Nikos Nikolopoulos, the deputy labour, social security and welfare minister, said he was leaving the government because it had failed to press the troika for changes to the terms of the country’s memorandum package.
“My personal belief [is] that the issue of renegotiating with the troika, as well as the correction of significant distortions in labour, pension, social security and welfare issues, should have been emphatically placed on the table at the start of the discussion,” said Mr Nikolopoulos, the third minister to resign since the government was formed on June 21st.
Troika inspectors over the weekend reportedly insisted that a 12 per cent wage cut for judges, public-sector doctors, military officers, professors and Orthodox bishops be implemented, despite government attempts to exempt these groups.
On Sunday the new government won the support of all 179 MPs from the three parties backing it – New Democracy, Pasok and the Democratic Left – with the other four parties in the 300-member assembly voting against.
Announcing his government’s programme, Mr Samaras made it clear that he would seek to implement key aspects of the memorandum before attempting any renegotiation of its terms.
His government intends to speed up privatisation of state companies and real estate and the merger of state agencies.

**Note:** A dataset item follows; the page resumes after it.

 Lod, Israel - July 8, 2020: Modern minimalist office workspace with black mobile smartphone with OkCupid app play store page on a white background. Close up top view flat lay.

“We see privatisation as a growth tool,” Mr Samaras told MPs. “Whoever takes control of state assets must make investments. We cannot cut wages and pensions while public real estate lies dormant.”
However, he said changes to the bailout programme would ultimately be necessary if Greece is to reach its memorandum targets.
“What needs to change is that which is hampering us from attaining the targets. We want to fight the recession.”
The personnel problems that have beset his nascent government will fuel doubts about the government’s political cohesion, however.
“The signal being sent to Greeks and Brussels is that something is going wrong within the government,” said George Tzogopoulos, an analyst at the Eliamep think tank.
He suggested that Mr Samaras’s pre-election pledges to renegotiate the bailout terms were now coming back to haunt him.
“Ministers have been misled or misinformed about the real prospect for sincere renegotiation, an idea that was only used for domestic audiences,” Mr Tzogopoulos added. “There now seems to be a serious communication problem between Mr Samaras and his ministers and MPs.”